[Data segment — start]
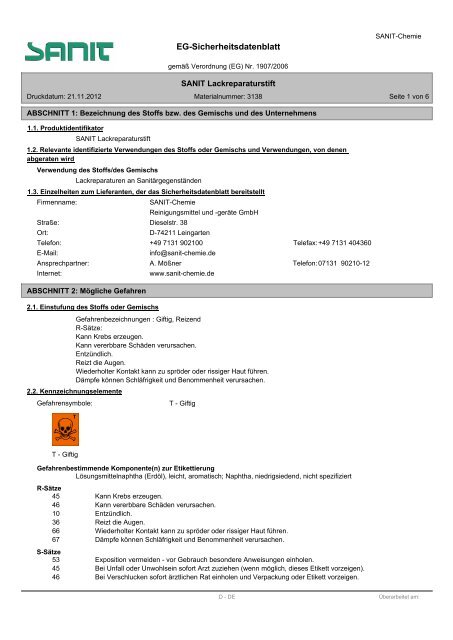EG-Sicherheitsdatenblatt - SANIT Reinigungsmittel und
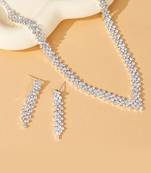 Silver plated cubic zirconia necklace and drop earring set elegant fashion jewellery for women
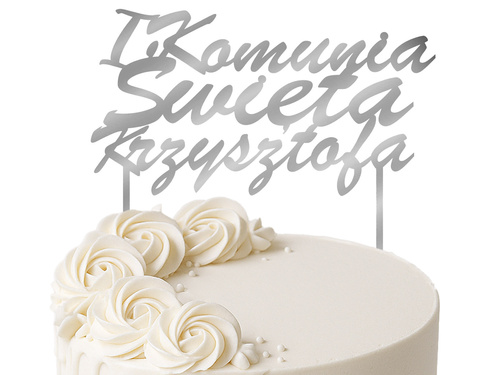 Topper z lustrzanej pleksi srebrny personalizowany na tort I Komunia Święta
[Data segment — finish]
*Assigned task:* A verbatim copy is needed of the lines running from the line with "Silver plated cubic" to the end of the data above, both included. Keep the pictures out of it.

*Expected answer:*
 Silver plated cubic zirconia necklace and drop earring set elegant fashion jewellery for women
 Topper z lustrzanej pleksi srebrny personalizowany na tort I Komunia Święta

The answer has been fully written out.